More areas eligible for State grants
The Regional Aid Map, published by Jobs Minister Richard Bruton, shows that the percentage of the country entitled to investment aid from the Exchequer will rise from 50% to 51.28% from July. It adds Kerry, Arklow, Athy, and Kells to the areas that are eligible, and means every county apart from Cork and Dublin is now included.
The increase is in spite of the fact the European Commission initially sought to reduce the percentage of the country that could receive the aid to 25%. That was following the enlargement of the EU and was also in response to concerns generally of anti-competitive practices by national governments providing very high levels of investment aid to “national champion” companies.
Regional Aid guidelines enable the State to grant aid, at enhanced rates, to businesses in order to support investment and employment in productive projects in Ireland’s most disadvantaged regions.

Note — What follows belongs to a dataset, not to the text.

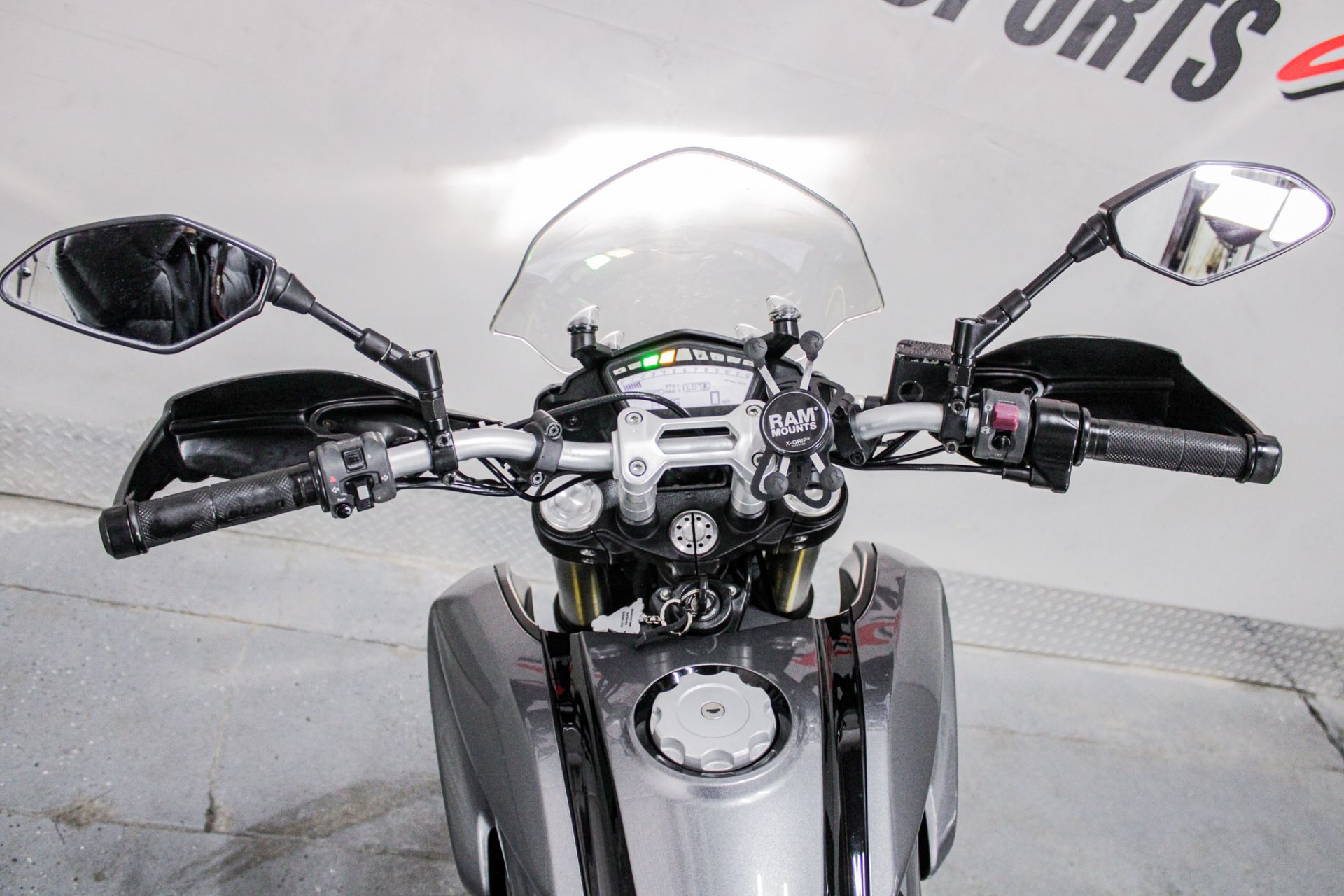 Dashboard - Photo 17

A Department of Enterprise, Jobs, and Innovation spokesperson said: “Typically, regional aid in Ireland is given in the form of capital grants for initial investment in fixed capital for new establishments or extensions and employment grants linked to initial investment.”
Under the new map:
- Aid to large enterprises is permitted for new economic activities, expansions which involve new products or services, and product innovation. Under the original proposals, aid to large enterprises was to be banned entirely in Ireland;
- Aid intensity rates (30% for small enterprises, 20% for medium-sized enterprises and 10% for large enterprises) are maintained at current levels.
Mr Bruton said: “Government-supported exporting companies play an important part in this plan. Areas which have been badly affected by the employment collapse of the past decade, including Kerry, Kells, Athy, and Arklow, have been added to the eligible areas, meaning only Dublin, Cork, and areas directly bordering Dublin are excluded.
“Most importantly, today’s announcement will make it easier to go into boardrooms of multinational and Irish exporting companies and convince them to create jobs in regional locations.”
Mr Bruton announced the news at Dairymaster, an Irish manufacturing company based in Causeway, Co Kerry. His department said Dairymaster was a large company which, from July 1, would be able to receive investment aid — it has not been able to since 2007.